I have had the great misfortune of having to travel to numerous family and non-family events, where for days on end I have to suffer being tossed around patriarchal, misogynistic, homophobic opinions like a shirt in a rickety washing machine. Usually at these events the men and women separate into two different groups, and the men go and sit outside, basking in the sun, cracking open beers and sharing anecdotes and terribly misinformed political opinions. The women, sit in dark badly ventilated huts and spend the majority of the time complaining about their husbands while cooking meals for upwards of 15 people, three times a day, simultaneously taking care of babies (although that can be delegated to younger female children) and cleaning. They complain about how bad their husbands (who majority of the time are not even breadwinners) are at managing money, how they seldom help out in the household, the stress of managing a household, how unloved they may feel, how their lives lack the romance and passion they thought they would have as teenagers. They make self-deprecating jokes and reconcile themselves to the fact that that is their reality, however sad it is. It is frightening how there seems to be a template for what married life looks like for women. People who I grew up playing pada with, have had their youth and liveliness all sucked away, and succumbed to this same deadness.
The paradox comes
in, when you vocalise that you want something different. When you are in the
kitchen, cutting vegetables with a blunt knife, squinting against the smoke,
and mention that maybe you would like to marry a man who would at least treat
you with kindness, they laugh dismissively. They tell you, quite ominously,
that “you will see”. And when you suggest that maybe, if marriage is as hellish
as it has been for them, that you would rather give it up altogether, they
laugh even harder. They would rather see you conjoined in their suffering than
having escaped it. I do not think that this objectively makes them bad people,
as this is a rather complex topic.
Anyway, these same
women, who have borne the brunt of back breaking marriages, rather than nurture
sons who are what they would have liked from the men around them; soft, gentle,
kind, thoughtful, helpful, seem to amplify the negative traits of those men.
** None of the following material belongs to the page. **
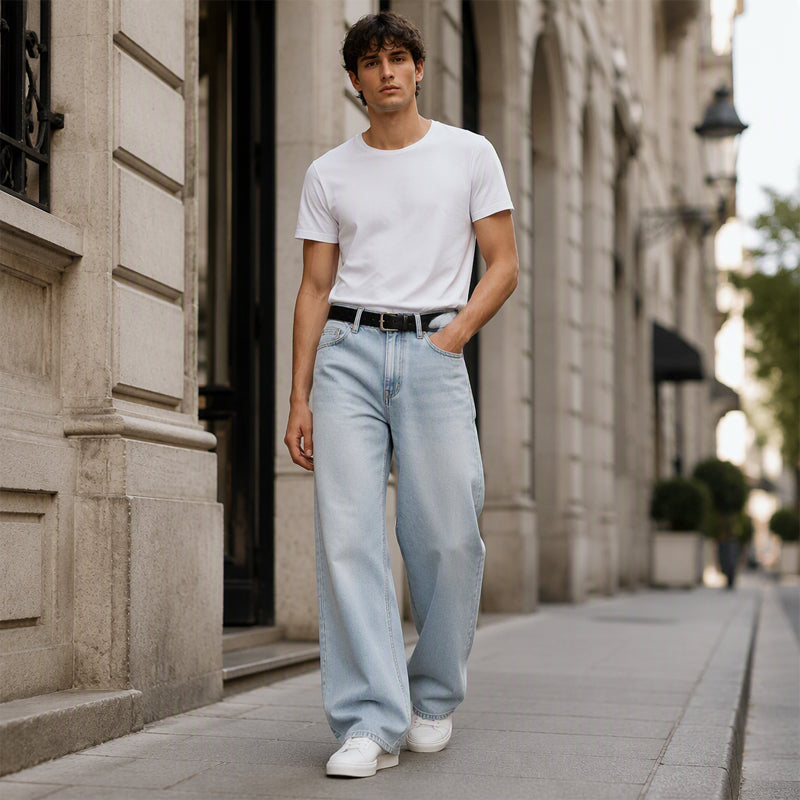 Vintage-tvättade jeans med böjda ben för män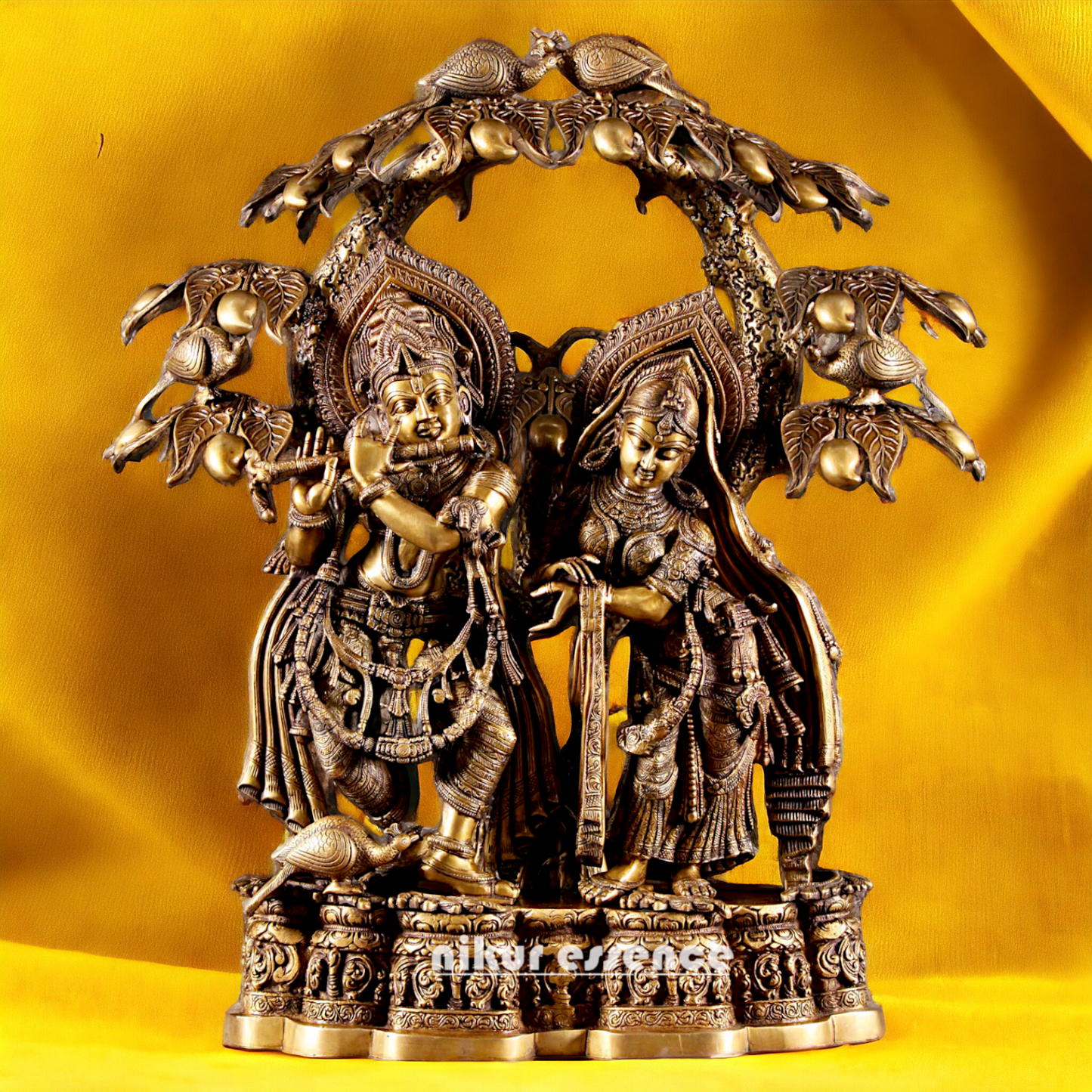 Buy Radha Krishna Brass with Tree idol - 30 Inch Nikuressence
They nurture men who are brutish, mean and selfish. And this is not to say that
the faults of men are solely to be blamed on the women that raised them. Rather
than raising little girls who are loved, safe and cherished, and ensure that
these little girls become women who marry good men, they open up room for
abuse, they shame them for showing skin, for being too educated, for liking
their appearance too much. They shame them for not valuing men enough, for
wanting more than patriarchy has to offer them. The couple I first spoke about,
has separated now, and the woman’s family, rather than force her to endure a
loveless horrific marriage, has welcomed her back and offered the groom’s
family their roora money back.
This was my first
time witnessing a Shona family protect their daughter in such a way. Refusing
to open her up to harm on the basis that she has been bought by another person’s
family and as such, must suffer whatever she can at their hands. In another
instance, a different family’s daughter was having such severe marital problems
with her husband that she fell so sick she almost died, and was incredibly
depressed. Rather than pull her out of a situation she clearly was so unhappy
in, the women in her family told her to toughen up, and discouraged her from
pursuing a divorce.
It is strange to
me, to see this role a majority of older women play in the lives of younger
women, to see this complex portrayal of patriarchy, and that it is not as
simple as stating that it is us the women (et al) versus the men. But that
inside this giant hierarchy there is also us the women versus each other. How
do we resist this system that has torn the fabric of our lives and ensured that
we constantly live in fear? Fear of not just the strange men who will leap out of the shadows and rape us,
but the men in our homes, the men who we have chosen to love? How do we resist
this system if at the core of it we are attacking ourselves?